I came back home earlier than expected. Replacing my shoes with house slippers, I noticed two other pairs of shoes. Viktor and Yuuri were here. I hung up my coat and scarf, placing my skating bag and costume in the closet by the door. I rubbed the back of my neck.  My back hurts~

Why...

I walked town the hall to my room.

Does it...

I heard moaning and noises coming from Viktor's room. I smirked. I was going to have to clean the sheets in there tomorrow.

...

I spoke through the door. "I'm home but I won't bother you. Have fun~"

It Hurts...

Walking down the hall, I opened my bedroom door. A wave of sadness hit me, causing me to fall to my knees. I wiped away tears I had cried for no reason and closed the door. Getting up, I walked to my closet and changed into a T-shirt and sweatpants. Still crying for a reason I couldn't recognize, I peeled back the white sheets of my bed. As soon as my head hit the pillow, I understood. I was crying because my love was one-sided. Of course they didn't like me back. They hadn't even bothered to say when I came back. The creaking in the room beside me stopped. Oh, so they're done.

Do they even...

I was still awake, crying, when I heard a knock on my door.

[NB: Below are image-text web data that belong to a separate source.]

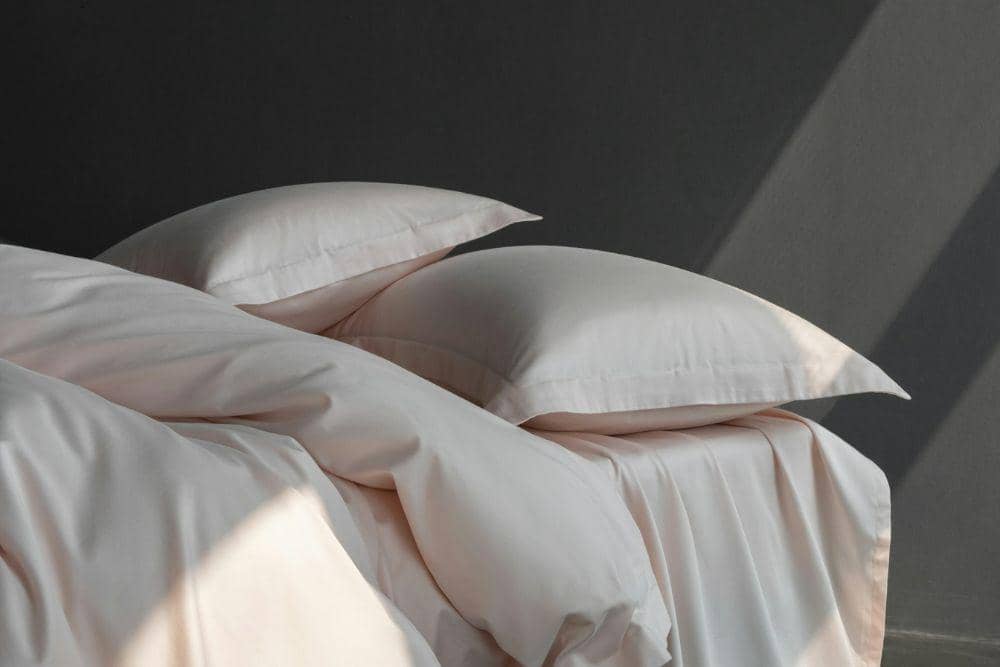 Tips Memilih Duvet Cover Ala Hotel Mewah, Bikin Kamar Tidur erasa Lebih Elegan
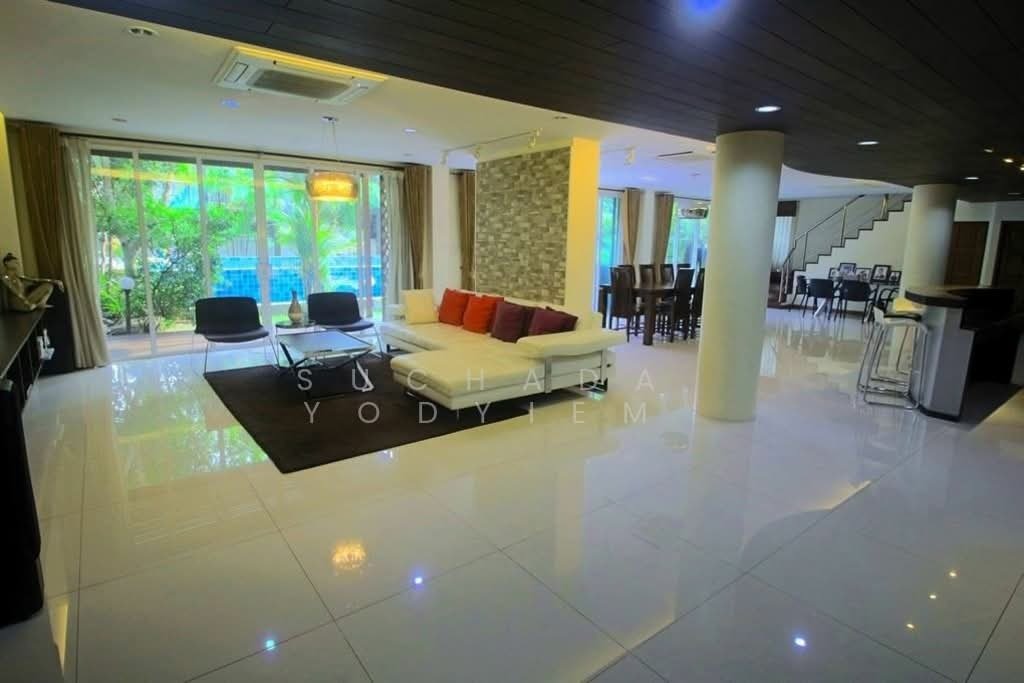House in Bangkok, Krung Thep Maha Nakhon, Thailand 5 - 17863956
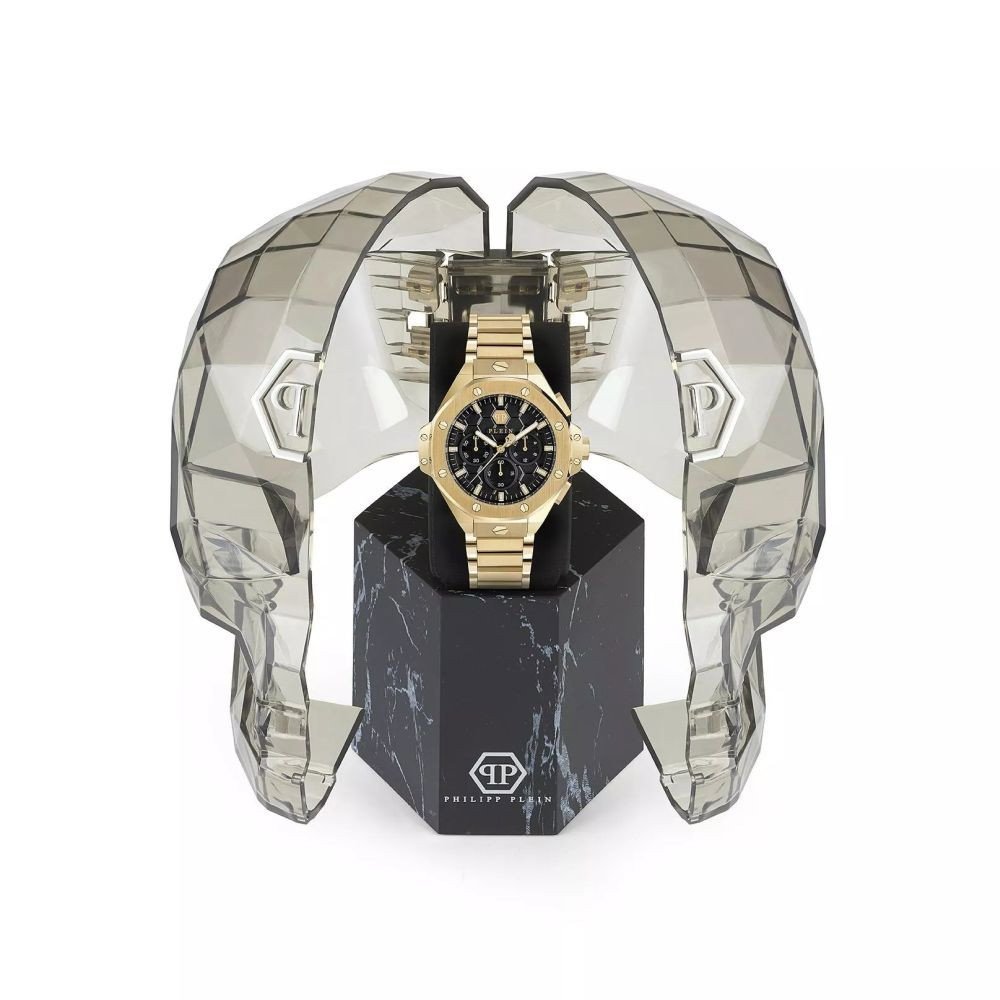 Watch Philipp Plein PLEIN CHRONO ROYAL 42 MM PWPSA0424
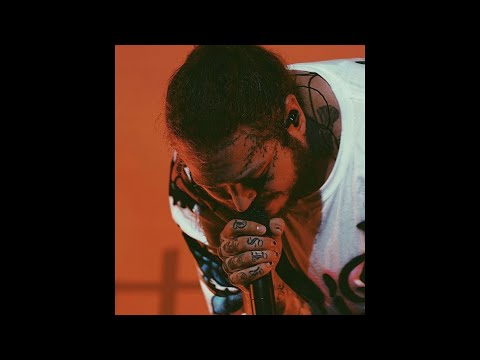 [FREE] Post Malone Type Beat - "Into Flames" | Alternative Rock Type Beat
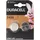 Duracell CR2450 3V Batterie Lithium Knopfzelle Batterien im 2er Blister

"Mokoto? Yuri Plisetski and Pichit came over."

"Viktor."

"Yes?"

"Please just leave me alone."

Care that I exist?

Instead of leaving, Viktor walked over to my bedside. I pulled the blankets over my head. The bed shifted, and I felt a hand on my head. He was sitting beside me. I pulled my head out from under the covers. He seemed sad at my response.

"What makes you say that?" I stayed quiet "You know you can tell me anything, right?"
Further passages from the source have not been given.